Combined preliminary anti-subsidy duties now range from 81.03% to 217.40% for the biggest Chinese producers, according to a release from Wiley Rein, a Washington, D.C., law firm that pv magazine USA verified against DoC documents detailing the revisions.

Tim Brightbill, a Wiley Rein trade attorney who has represented domestic solar producers since 2011, said Commerce’s “substantial increases” reflect how much Vietnamese plants benefit from subsidies in the form of highly discounted wafers, solar glass and other inputs from China.

Brightbill represents the American Alliance for Solar Manufacturing Trade Committee, a coalition of more than a half-dozen domestic solar producers that brought the anti-circumvention cases over Chinese company imports from Cambodia, Malaysia, Thailand and Vietnam.

“We are pleased to see the Commerce Department forcefully addressing transnational subsidies provided by Chinese entities into Vietnam and other third countries,” he said. “This underscores the level of unfair trade that U.S. solar manufacturers have been forced to contend with.”

On a producer-by-producer basis, DoC has revised preliminary anti-subsidy tariffs on imports from Vietnam from 2.85% for Chinese producers JA Solar, Jinko Solar and Trina Solar to 27.73% for JA and 92.56% for both Jinko and Trina.
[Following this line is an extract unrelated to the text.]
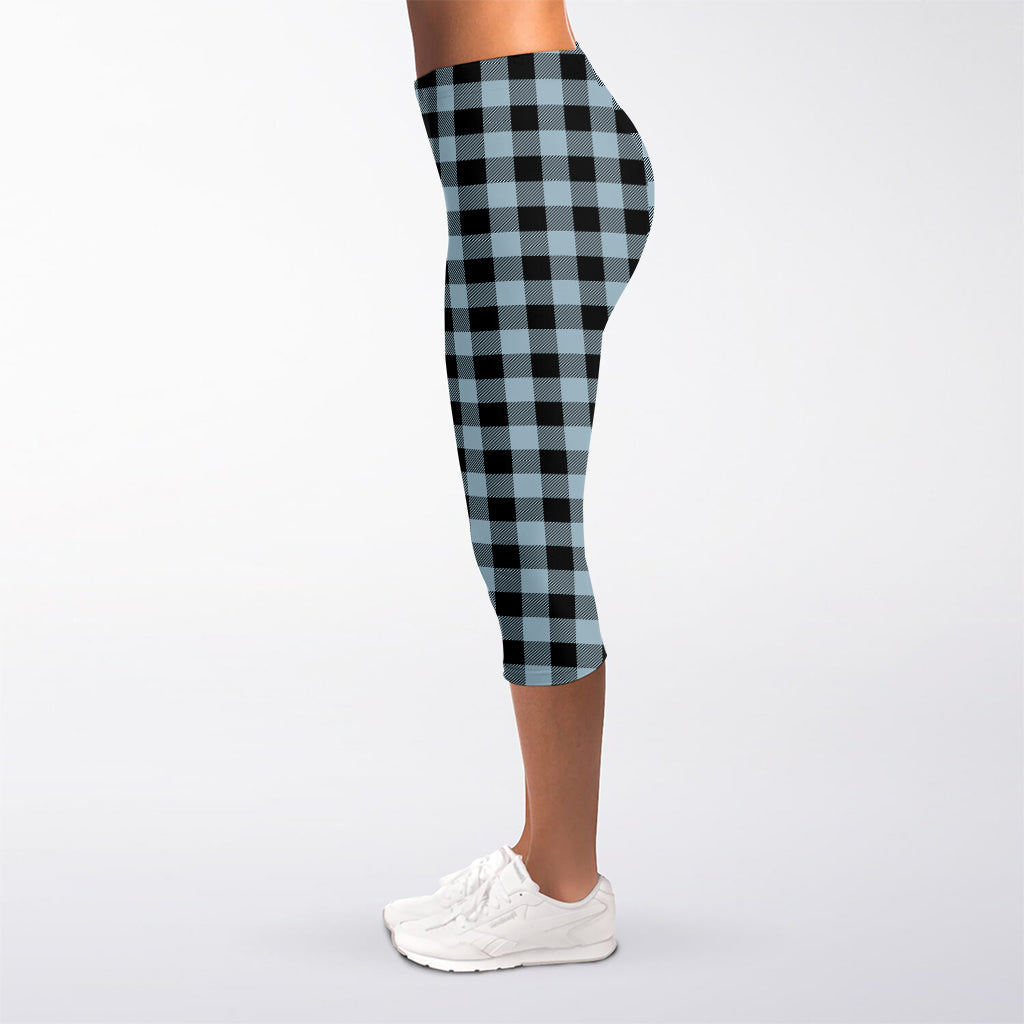 Steel Blue And Black Buffalo Check Print Women's Capri Leggings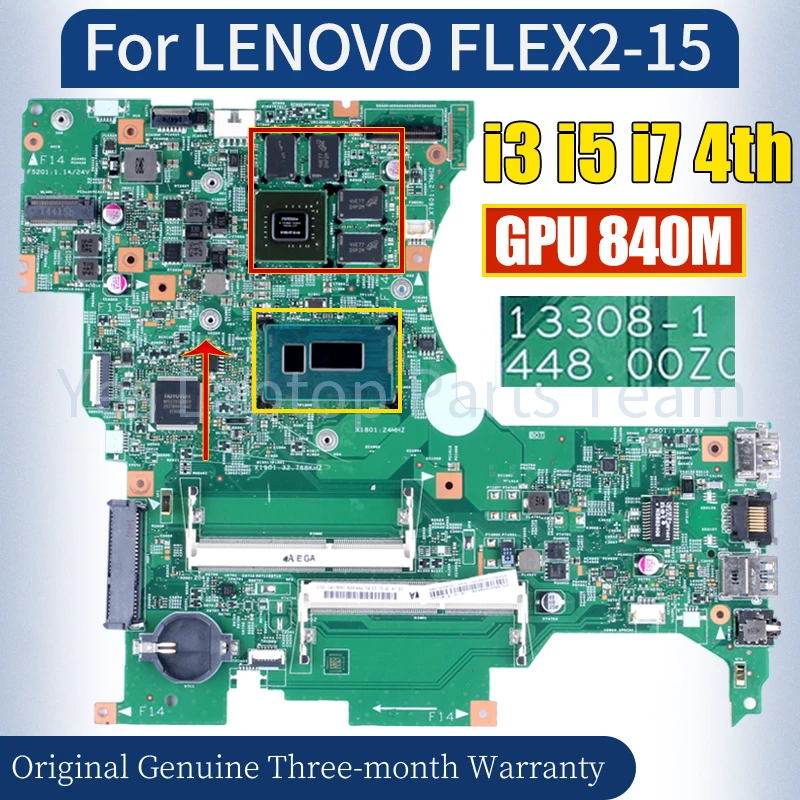 

13308-1 For LENOVO FLEX2-15 Laptop Mainboard i3 i5 i7 4th Gen 840M 1G 5B20G36277 11S5B20G39385 100％ Tested Notebook Motherboard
The preliminary import tax on Vietnamese solar imports has leapt from zero to 157.38% for Boviet Solar.

Source: Wiley Rein

After the revisions, the preliminary anti-subsidy and anti-dumping duty rates now combine to total 217.40% for Boviet Solar, 81.03% for JA Solar, 164.41% for Jinko Solar, 152.58% for Trina Solar and 363.84% for all others.

The preliminary rate revisions are not fully in effect, however. DoC is expected to issue its final determination on both anti-subsidy and anti-dumping tariffs on April 18. But before those rates could go into full force, the U.S. International Trade Commission would need to make a final determination that imports from the four Southeast Asian countries have materially harmed the U.S. domestic solar industry.

The commission, which made a favourable preliminary ruling on that question last June essentially to launch the cases, has scheduled a final hearing on the issue for April 15 and then can take until July 2 to render a final decision.